* **BRIEF**
Every line from the one containing "Liquid Earth Gift Pack For Sale" through the end of the listing below must be given again exactly, and nothing else; exclude pictures.

* **DATASET SECTION**
────────

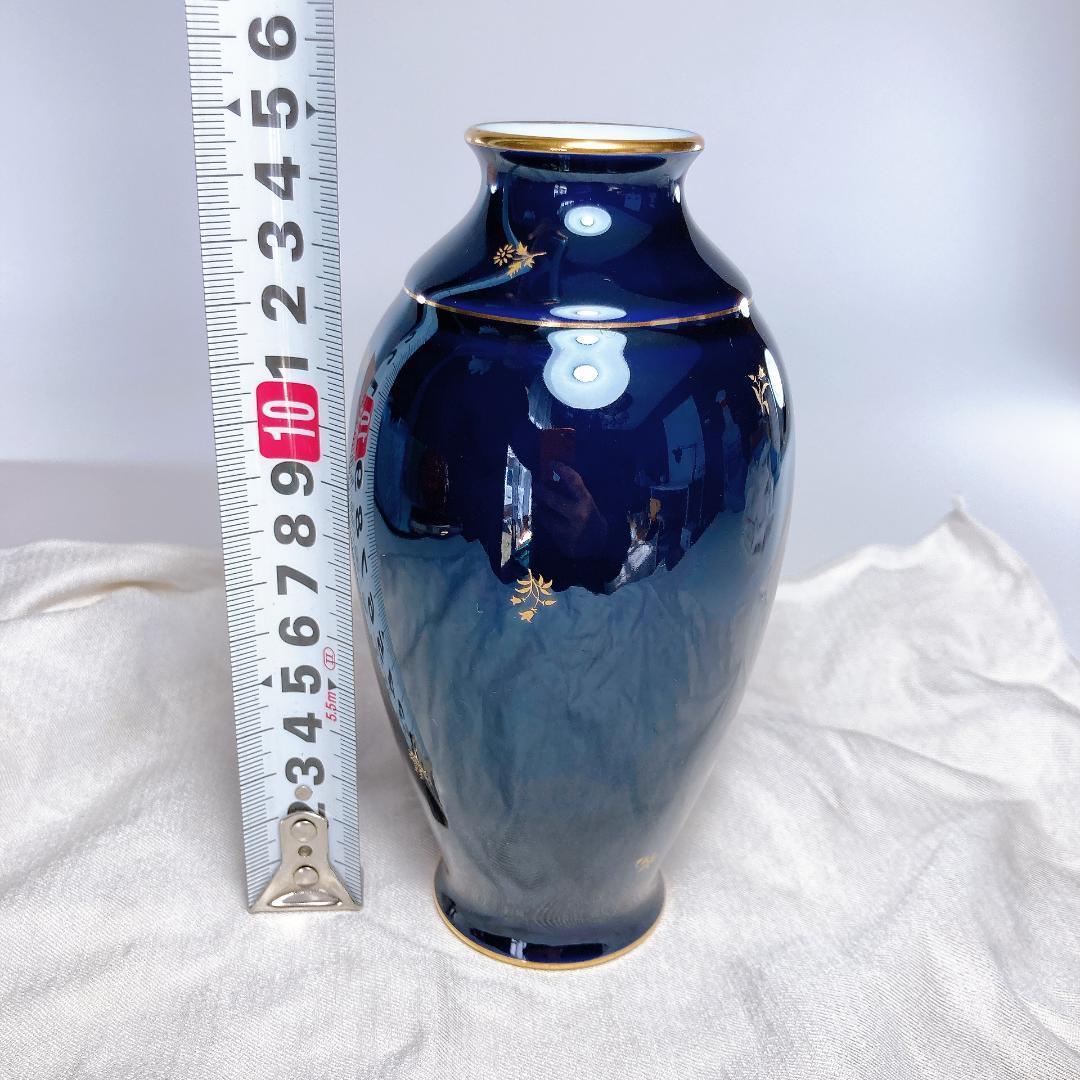 SEVRES セーブル 花瓶 クラウデッドブルー　フラワーベース　|3076|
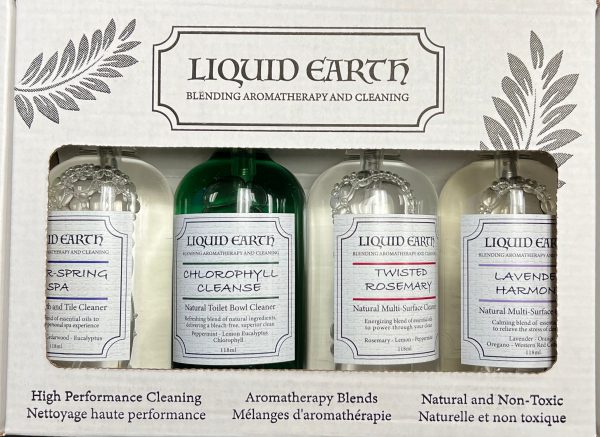 Liquid Earth Gift Pack For Sale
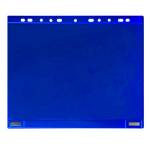 Buste forate per supporti magnetici ad anelli A4 blu - 23240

────────

* **PROBLEM SOLUTION**
 Liquid Earth Gift Pack For Sale
 Buste forate per supporti magnetici ad anelli A4 blu - 23240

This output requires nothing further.